# Curing soap in glassine bag?



## dixiedragon (Oct 20, 2020)

I got a box of glassine bags from my local restaurant supply store. I'm wondering if I can put my fresh-cut soap directly in these bags to let them cure? I have pets and keeping pet hair off the soap is a challenge!


----------



## GemstonePony (Oct 20, 2020)

Edited in light of other responses:
Lack of air circulation may cause rancidity, particularly for the fresh soap which is still chock full of water.
I would not use the air-tight  bags as a solution to pet fur, as I feel it may cause more problems than it solves.


----------



## DeeAnna (Oct 20, 2020)

GemstonePony said:


> ...If you seal the bars in bags, you absolutely will have rancid soap, probably within a few weeks. Sealed fresh bar soap is also one of the few ways to get moldy soap.



Are you speaking in such absolutes based on what "everybody assumes to be true"? Or have you actually tried this to learn for yourself whether the soap goes rancid or gets moldy?

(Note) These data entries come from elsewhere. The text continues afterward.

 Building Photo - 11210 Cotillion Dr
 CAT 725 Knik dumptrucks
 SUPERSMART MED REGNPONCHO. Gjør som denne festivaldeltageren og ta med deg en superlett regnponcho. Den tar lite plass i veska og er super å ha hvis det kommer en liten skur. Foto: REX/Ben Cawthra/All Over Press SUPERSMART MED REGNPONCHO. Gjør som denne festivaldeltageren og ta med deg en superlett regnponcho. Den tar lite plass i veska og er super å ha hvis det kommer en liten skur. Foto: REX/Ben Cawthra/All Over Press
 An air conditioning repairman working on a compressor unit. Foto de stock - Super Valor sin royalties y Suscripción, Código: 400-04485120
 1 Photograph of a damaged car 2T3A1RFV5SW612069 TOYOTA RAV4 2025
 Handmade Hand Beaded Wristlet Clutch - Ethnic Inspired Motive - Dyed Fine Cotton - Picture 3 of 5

Honestly, I've done this. No, the soap doesn't go rancid. And, no, it doesn't get moldy either -- as long as the soap maker is smart about not putting large pieces of food (oatmeal, coarse coffee, flower petals, etc.) on or in the soap. But if that's the case, the soap might get moldy even if stored in the open air.

***

@dixiedragon -- What I have found to work better than putting bars into individual plastic bags is to put the bars into an open tray or box and cover the top with clean cotton toweling or light plastic sheeting. An alternative is to enclose the entire tray or box with something like a cloth pillowcase or (shock! horror! sacrilege!) a plastic bag.

Use any kind of suitable lightweight material that will protect the soap from dust and other contaminants. For the past couple of years, I have been putting each box of soap into a very thin plastic bag right after I get the bars cut and detailed. I tuck the open end of the bag under the box to close it and "tent" the plastic above the top of the box so the plastic doesn't touch the soap.

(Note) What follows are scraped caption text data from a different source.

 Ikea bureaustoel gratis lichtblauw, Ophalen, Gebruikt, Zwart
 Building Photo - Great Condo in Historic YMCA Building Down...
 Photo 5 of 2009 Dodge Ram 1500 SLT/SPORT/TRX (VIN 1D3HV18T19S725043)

The water evaporating from the soap must be allowed to dissipate. If this doesn't happen, a slick layer of glycerin and water will collect on the soap bars, which is a sign there isn't enough airflow. The wet surface of the soap can get marred with fingerprints, etc., simply because the soap is softer and easier to damage. This wetness is not rancidity nor mold, just to be clear, and it clears up nicely when the soap is able to dry off.

With a cloth cover, the airing-out and dissipation of moisture happens naturally without the soap maker's help.

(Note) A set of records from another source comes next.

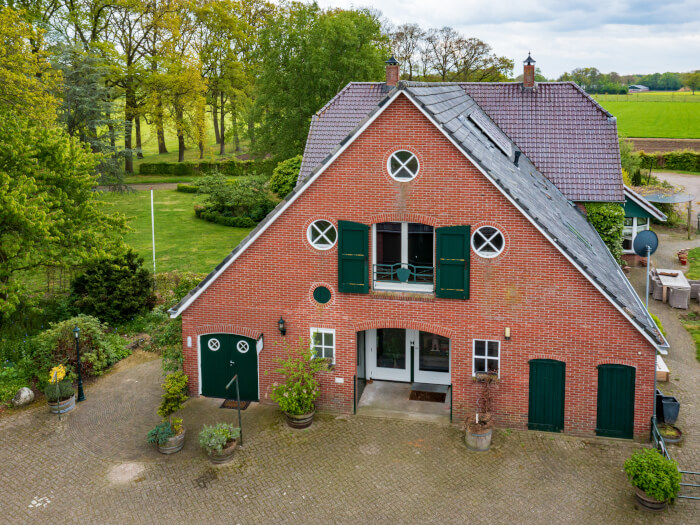 Vakantiewoning in Diepenheim (Gelderland) voor 16 personen met 5 slaapkamers.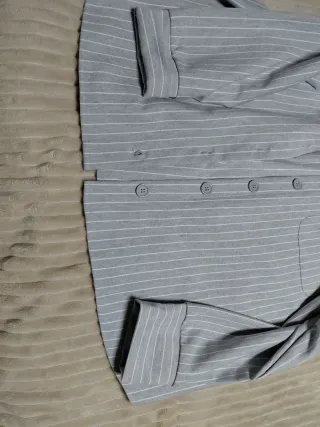 Camisa de rayas gris y blanca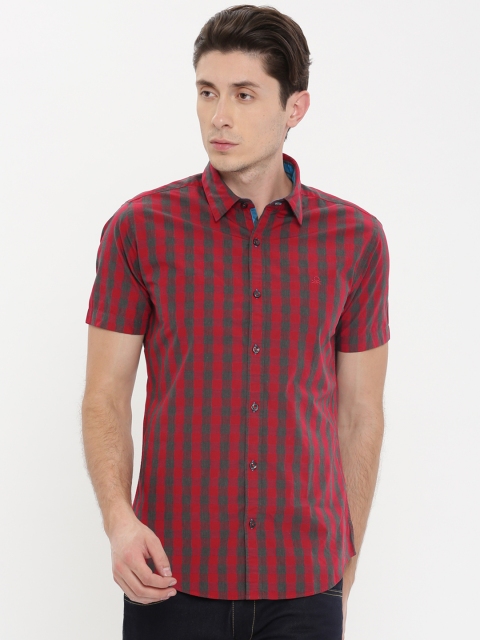 United Colors of Benetton Men Red & Grey Regular Fit Checked Casual Shirt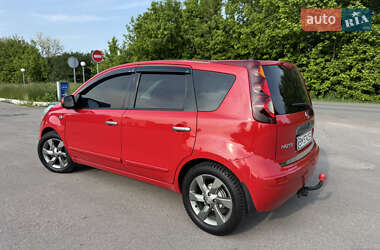 Хетчбек Nissan Note 2010 в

If a plastic bag or plastic sheeting is used, you must air out the inside of the bag at least once a day for about two weeks to help the moisture dissipate. If you put each bar into individual plastic bags, it will take a lot of time to air out every one of those bags daily. Also the soap is at more risk of being damaged by all the handling and by the fact that you can't keep a small bag from touching the soap.

Just my two cents. I hope it gives you some useful ideas, Dixie.


----------



## TheGecko (Oct 20, 2020)

If pet hair is a challenge, go to the fabric store and buy some cheesecloth or lightweight muslin to lay across your curing soaps.  Both are thin enough to allow for air circulation.


----------



## GemstonePony (Oct 20, 2020)

DeeAnna said:


> Are you speaking in such absolutes based on what "everybody assumes to be true"? Or have you actually tried this to learn for yourself whether the soap goes rancid or gets moldy?
> 
> Honestly, I've done this. No, the soap doesn't go rancid. And, no, it doesn't get moldy either -- as long as the soap maker is smart about not putting large pieces of food (oatmeal, coarse coffee, flower petals, etc.) on or in the soap. But if that's the case, the soap might get moldy even if stored in the open air.
> 
> ...


For a while, I was sticking a bar from every batch in a medium sized cardboard box for long-term storage, spaced out within the box. I realized they each got DOS in around 3 weeks, compared to their open-air batch-mates which have none. All was kept in air-conditioned comfort. 3 different recipes, no food, back when I was using citric acid as the chelator with appropriate lye- I ceased the experiment before the 4th soap showed any signs. The box now holds my growing FO collection. I briefly experimented with putting a bar per soap box, for a few older bars, and also saw DOS, their open-air batch-mates still showing none. My interest in testing the experiment with Sodium Gluconate as the chelator is low.
I thought my sample size was sufficient for my confidence, but as your experience contradicts it, I'll amend my post.
Edited for clarity.


----------



## DeeAnna (Oct 20, 2020)

It's good to know you have put a fair bit of effort into testing this matter. Thank you for being willing to share your insights and experiences because that information gives authority to your opinions and advice.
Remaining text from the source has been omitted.